I was four days late coming out of my mother and I have been late to everything ever since. I guess it all comes down to my terrible time management, but I just can't be on time. Even on the rare occasions when I am set to be on time, something happens that makes me late. Whether it be a train or an oil spill on the highway, there will always be something to ruin the pride I feel when I leave on time. If I'm being honest though, I almost never leave on time. My chronic lateness is something the people who know me well have been forced to accept. I'm the friend that has to be told that plans start at 7:30 when they really start at 8:00.
Ugh, dishes.
I love the feeling of having an empty dishwasher and being able to just put my dishes in as I use them. However, this is most often not the case. I don't know what it is about unloading the dishwasher that makes me want to just let my dirty dishes pile up on the counter instead of simply putting the clean dishes away to make room for dirty ones. And dishes that are hand wash only? Forget about it. I figure that's what double-sided sinks are for. One side is meant to be filled with hand wash only dishes that will probably never be washed.

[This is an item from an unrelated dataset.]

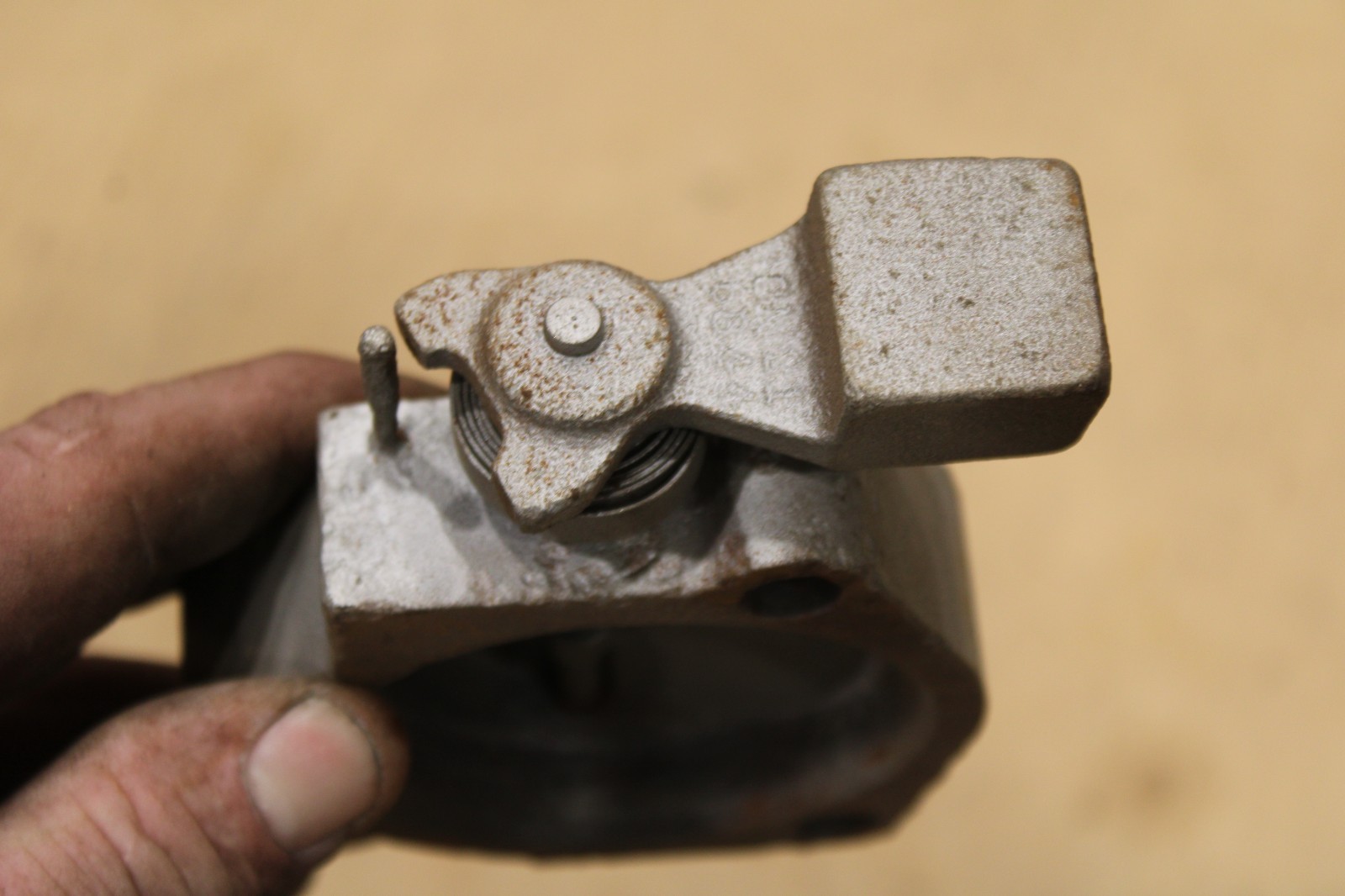 1962-1974 Corvette 2 1/2- inch Exhaust Heat Riser NOT WORKING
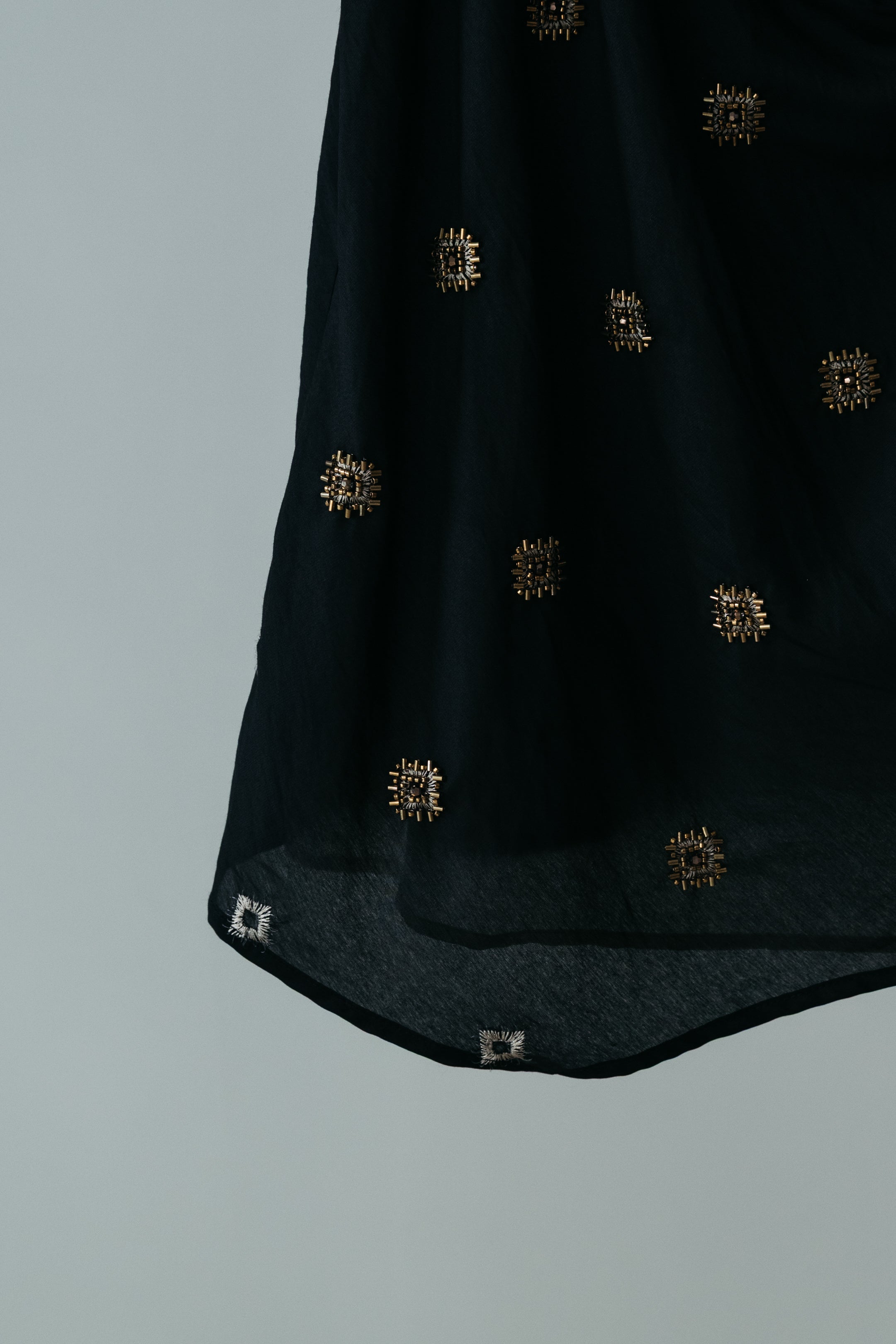 【MAIKU】bijou embroidery top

Really, it's not just the dishes. Cleaning in general is not my thing.
My apartment is a disaster area about 97% of the time. Every once in a while, around every few months or so, I take the time to seriously clean my apartment. This is usually brought on by plans to have guests over, which is pretty rare. Most of the time, I'm too embarrassed to allow anyone to see the mess I live in. Even after my deep cleaning episodes, I can only manage to keep the place clean and picked up for about a week before I let it all crumble down again. It's not the actual cleaning that I mind so much though. I don't mind sweeping, scrubbing, mopping, dusting, etc. My problem with cleaning is the picking up that must be done before I can actually clean. My stuff always somehow manages to stay strung out despite my attempts to organize.
The majority of my money goes to Sephora.
Budgeting and finances are something I know absolutely nothing about. I even took a personal finance class a few semesters ago thinking it would be helpful for my future. I barely scraped by with a C and learned nothing. I don't even know why I spend so much money at Sephora. It's not like I wear that much makeup. Yet somehow I always manage to walk in planning to buy one thing and leave with a bag full of new products. You would think the shame I feel when I renew my VIB status would teach me a lesson, but it does not. Who needs money for groceries/rent/bills anyway?
I have to either google or ask my mom how to do just about everything.
I literally have to google how to cook an egg every time I cook or boil an egg. Last week, I had to ask my mom how to put air in my tires. The amount of things my mom still has to teach me, help me with, or even do for me is astonishing considering I'm a full grown adult and should know how to take of myself by now.